Il est vrai que l’on présente souvent, en Algérie, les emplois verts comme étant des métiers demandant de sérieuses qualifications. Cela est dû au fait que, pour l’instant, quand on aborde le sujet de l’Economie verte, c’est avant tout pour parler de l’industrie du traitement des déchets et des eaux usées, de celle des énergies renouvelables. Usines de dessalement de l’eau de mer, centrales d’enfouissements techniques, centrales photovoltaïques et géothermiques, usines de recyclages sont des secteurs industriels qui se développent en Algérie et sont des niches d'emplois prometteuses pour les jeunes ingénieurs et cadres supérieurs algériens.
Certes, l’Algérie ne manque pas de jeunes diplômés, mais elle compte aussi beaucoup de jeunes non qualifiés qui ont besoin de trouver un emploi durable.
Une des volontés affichées par le programme du P.N.U.E est de « réduire les inégalités sociales ». N’est-il pas possible de faire aussi de l’Economie verte à une échelle plus humaine en créant des métiers verts moins « industriels». Faut-il forcement faire appel aux seules technologies complexes pour préserver l’environnement ? D’un point de vue curatif, ces procédés sont inévitables, mais quand on aborde la pollution sous un angle plus préventif , il est évident que de simples gestes au quotidien, des « petits » métiers, de simples procédés peuvent également participer à éviter bien des dégradations environnementales tout en créeant de la richesse.
De tels métiers existent déjà en Algérie, et cela ne date pas d’hier ...
Il suffit, pour les découvrir, de ne pas se limiter à chercher des solutions hors de nos frontières.

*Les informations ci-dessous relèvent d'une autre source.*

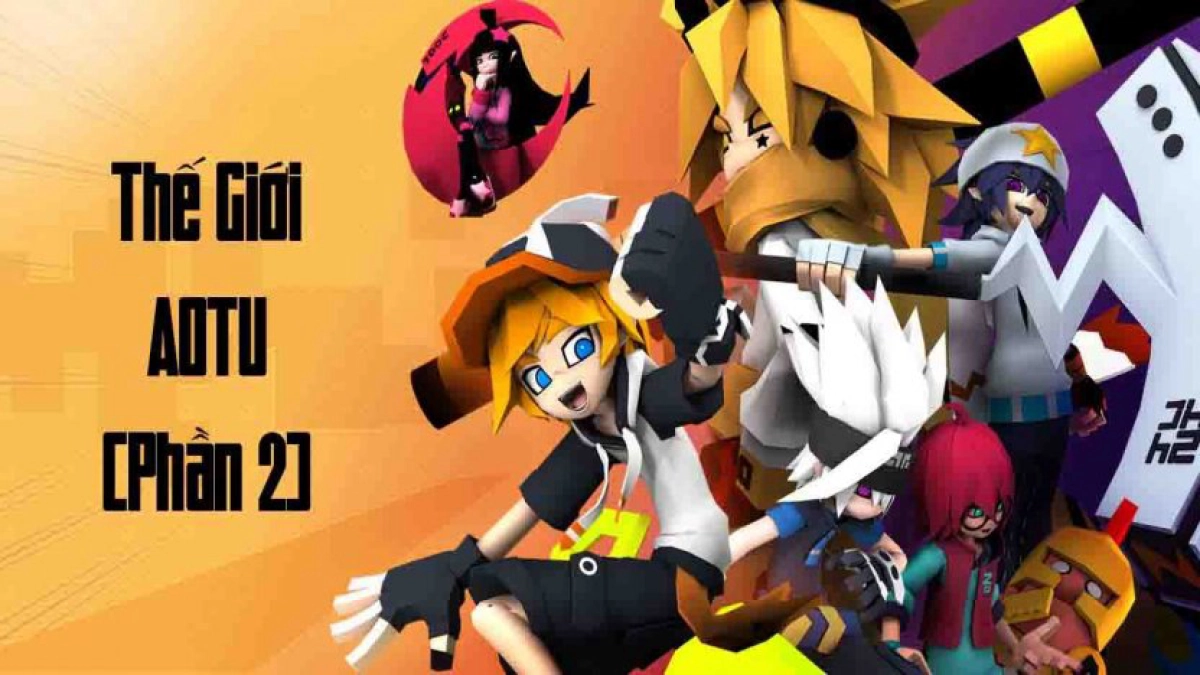 Thế Giới Aotu (Phần 2) (Aotu World (Season 2))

Ainsi en identifiant ce que nous sommes déjà capables de créer par nous mêmes, nous pourrons mieux assimiler les savoir faires de nos voisins tout en les adaptant à nos particularités nationales. Dans son étude sur les emplois verts, le programme « Deved Algérie » annonce d’ailleurs qu’il existe déjà plusieurs centaines de milliers d’empois verts en Algérie.
J’aimerais vous parler, à ce propos, de deux P.ME algériennes qui ont su tirer profit du recyclage de certains déchets. Chacune a permis de créer des emplois pour de jeunes travailleurs peu qualifiés et participe à minimiser les impacts négatifs de notre développement sur l’environnement. Un des points communs entre ces deux P.M.E, est que leurs gérants sont des hommes d’un certain âge, qu’ils n’ont pas eu besoin de sortir de grandes écoles étrangères pour faire ce que l’on appelle à présent de l’Economie verte. Eux, se contentent de parler de bon sens, de bonnes idées….
« Du pain, rien que du pain… »
L'ingénieux "recycleur" et la présidente de l'association "Main dans la main" (photo: Tedjani K.)
En Algérie, manger sans pain est impensable, autant que de se restaurer sans une bonne bouteille de vin en France.
Beaucoup d’entre nous , ont pris l’habitude de vider de leur mie les morceaux de pain qu’ils consomment. Souvent les tables des restaurants sont garnies par de grandes quantités de "rhoubz" qui ne sont pas toujours consommées en fin de journée. Ainsi, bien que gaspiller la nourriture soit un acte répréhensible dans l'Islam, des montagnes de pains sont gachées chaque jour à travers tout le pays.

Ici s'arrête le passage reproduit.